Aim of the task: Repeat exactly the lines below from the line that contains "The Junk Mail" to the last line, inclusive, without the pictures.

Stored data
· · · · · · ·
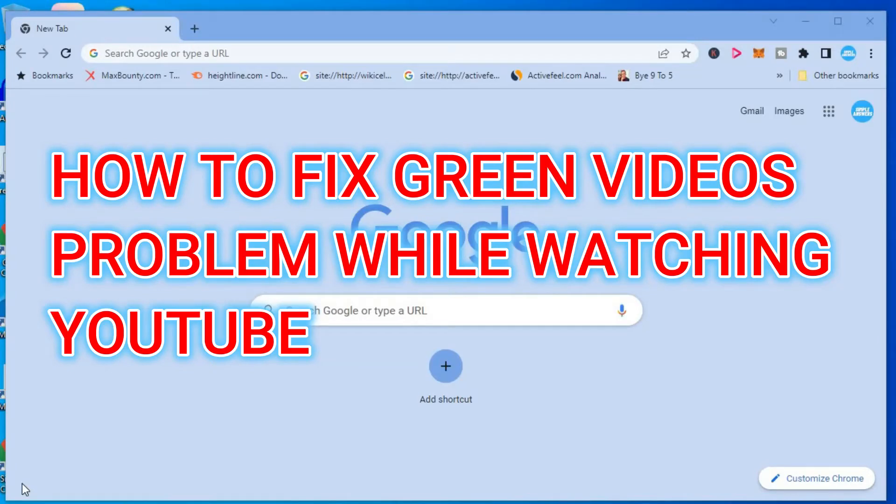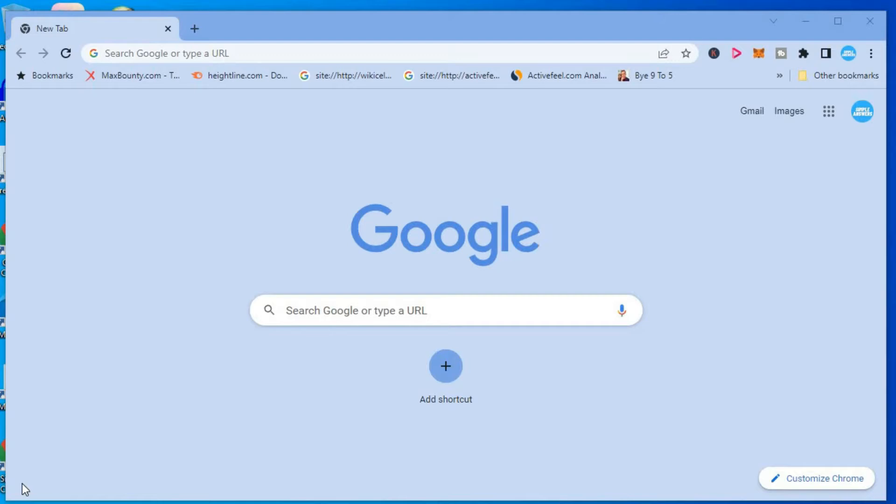Hello, welcome to Simple Answers. In this video, I'll be showing you how to fix green screen videos while watching YouTube on Google Chrome.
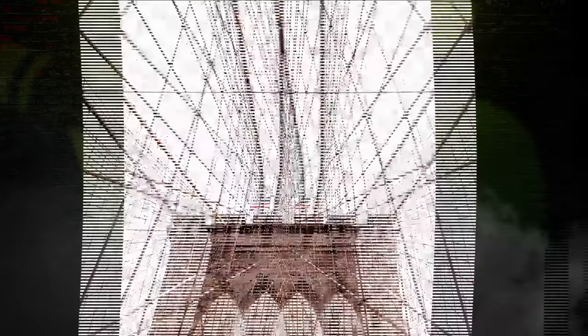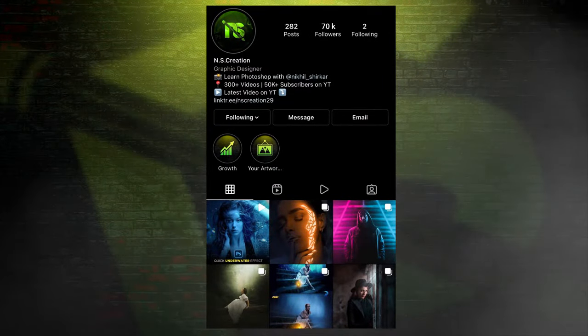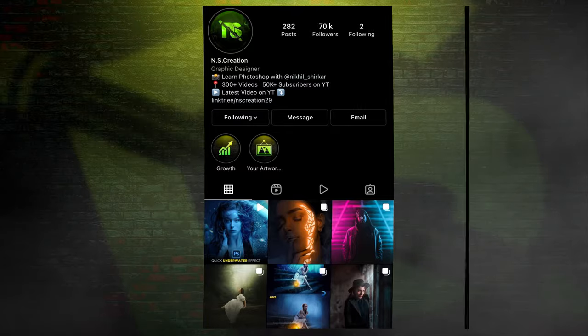Here's the final output. If you like my content, then make sure to subscribe and follow me on Instagram to get more updates. So that's it for this video, see you in my next video.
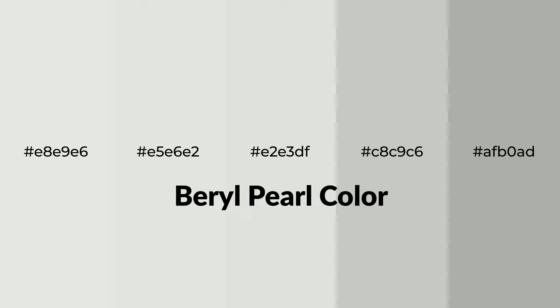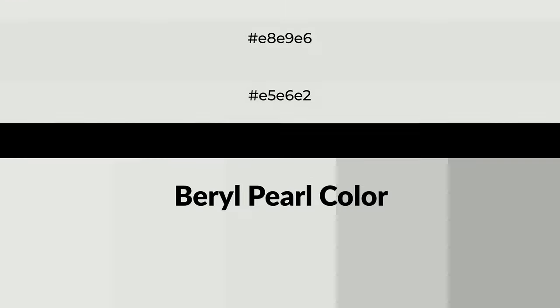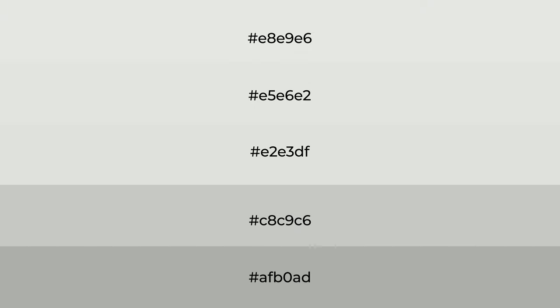To generate tints of a color, we add white to the color. Tints create light and exquisite emotions.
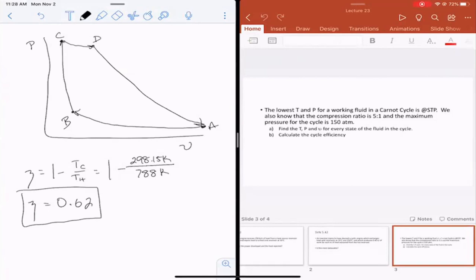A student asked whether we assume ideal gas since the problem didn't state it. Yes — if you're assuming everything else is ideal, that's a reasonable assumption. You can do Carnot cycles with steam as well, but using air as a working fluid in a Carnot cycle is common as a starting point.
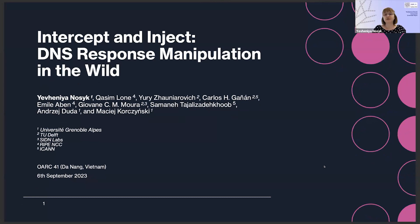Thank you for having me today. My name is Evgenia Nosek. I'm a PhD student at the University of Grenoble-Alpes, and today I'll be talking about how DNS packets get intercepted and injected in the wild.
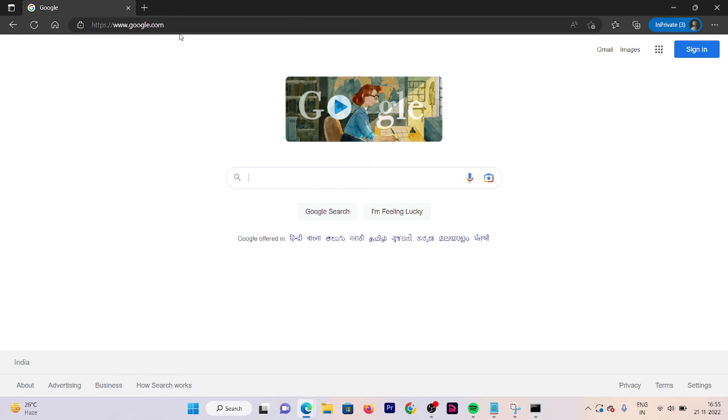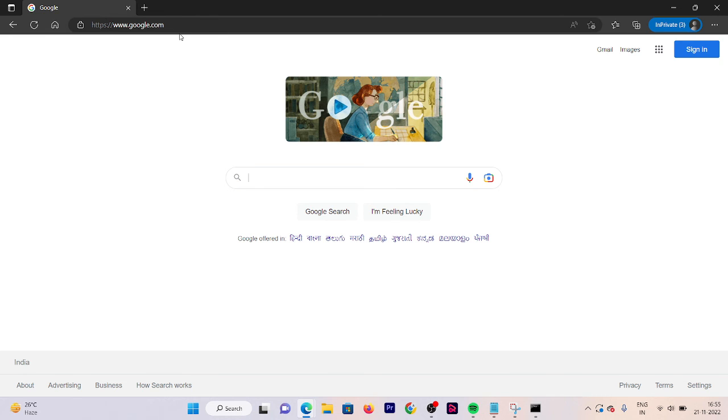I hope after watching this video you will be able to get the IP address of any website using their domain by using CMD prompt. Thank you for watching this video and stay connected for the upcoming videos. Till then, bye.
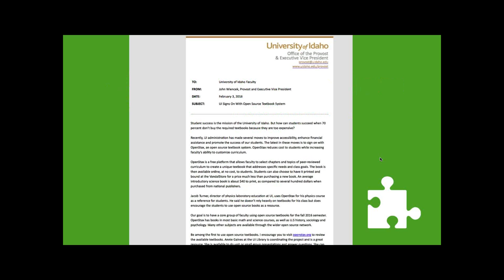One of the things we encourage is having one of your senior administrators send an email out to faculty and staff — making sure it's written to be academic freedom friendly. An example from the University of Idaho shows the provost and executive vice president who sent out a message of support for this initiative. I have examples from University of Oklahoma, UMass Amherst, and a wide variety of schools who have done this, and it really does help.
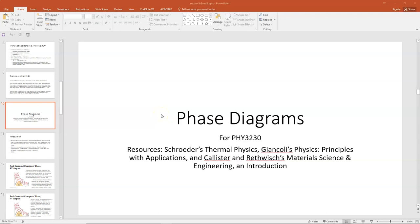Hi everybody. In today's lecture, I'd like to talk about phase diagrams. I have several resources for this: Schroeder's Thermal Physics, Giancoli's Physics Principles of Application, and Callister and Rethwisch's Material Science and Engineering.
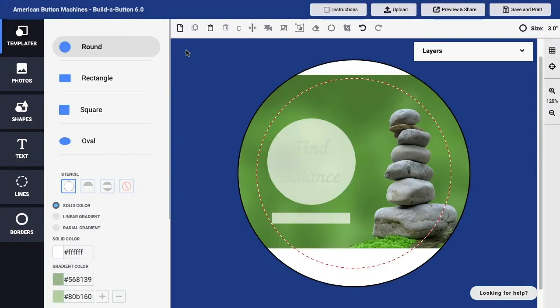When you add various visual elements to your button design, each of those items will be added as a layer, and you can manage all of those layers on the Layers panel.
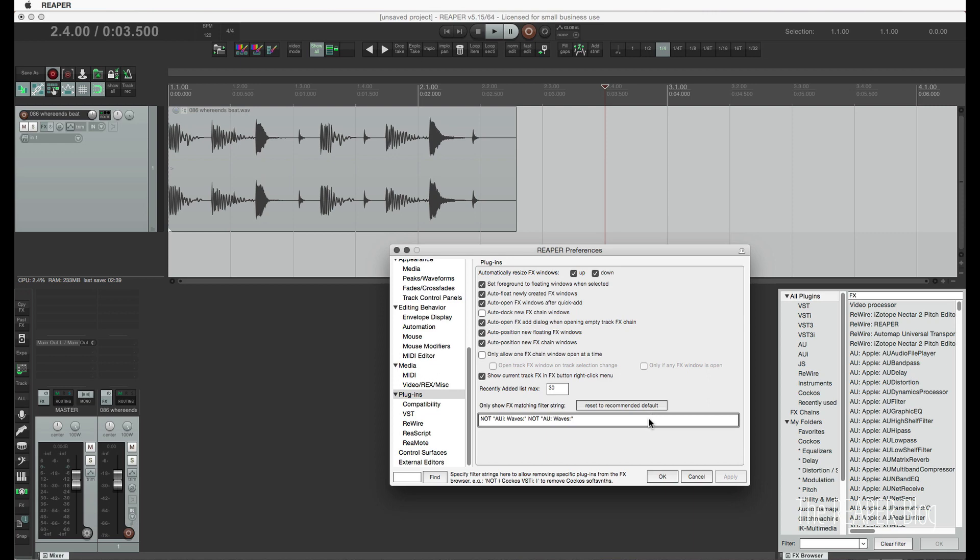But you could also use this filter to remove certain other companies that you don't want in the list, but maybe you need these plugins for other programs. You can permanently remove things from this browser list.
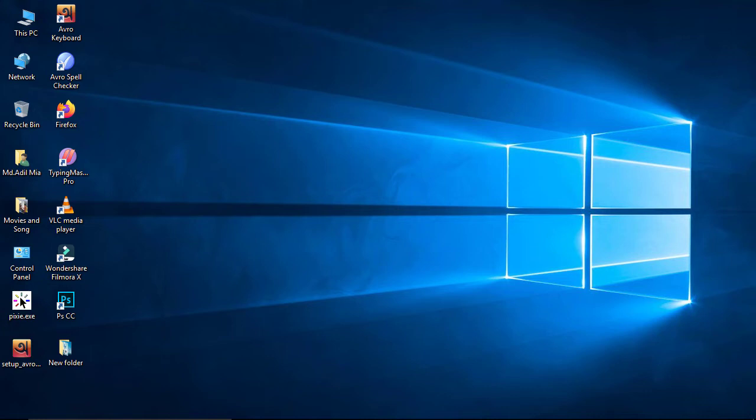Hey guys, welcome to my channel. In this tutorial I will talk about how to clean your computer, or how to make your computer faster. So let's get started.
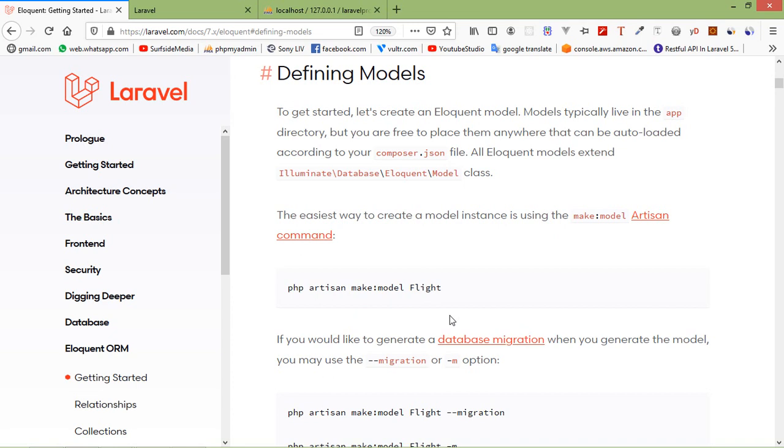Hi everyone, welcome back to the Laravel 7 tutorial. In this video, we are going to learn about Model.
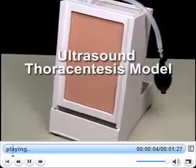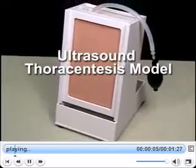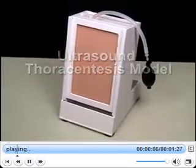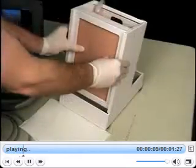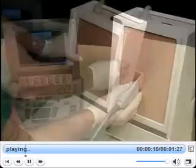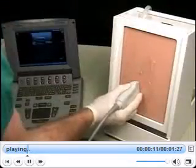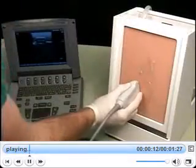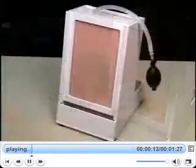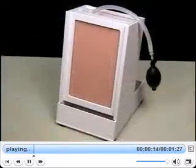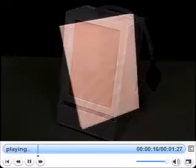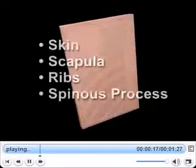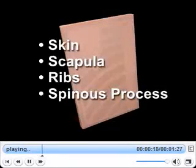Simulab's ultrasound thoracentesis model is anatomically correct, with landmarks that can be palpated and viewed under ultrasound. The simulated partial torso includes skin, scapula, ribs, and spinous process.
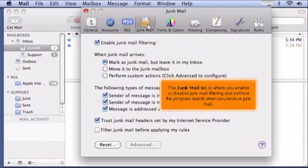The Junk Mail tab is where you enable or disable junk mail filtering and set how the program reacts when you receive junk mail.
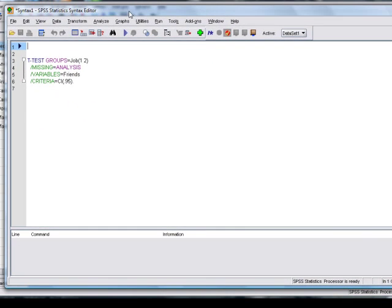So that's pretty much all you need to know for the time being about the syntax window. And in the next film we'll have a look at the output window.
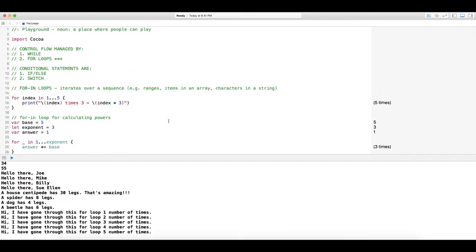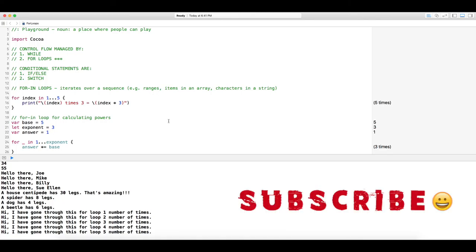We covered quite a bit — both 'for' and 'for in' loop types. That's the end of control flow: while loops, for loops, and so on. You can do a lot of powerful things with loops and conditional statements. Code on, my friends.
· · · · · · ·
Task solution:
The Junk Mail tab is where you enable or disable junk mail filtering and set how the program reacts when you receive junk mail.
So that's pretty much all you need to know for the time being about the syntax window. And in the next film we'll have a look at the output window.
We covered quite a bit — both 'for' and 'for in' loop types. That's the end of control flow: while loops, for loops, and so on. You can do a lot of powerful things with loops and conditional statements. Code on, my friends.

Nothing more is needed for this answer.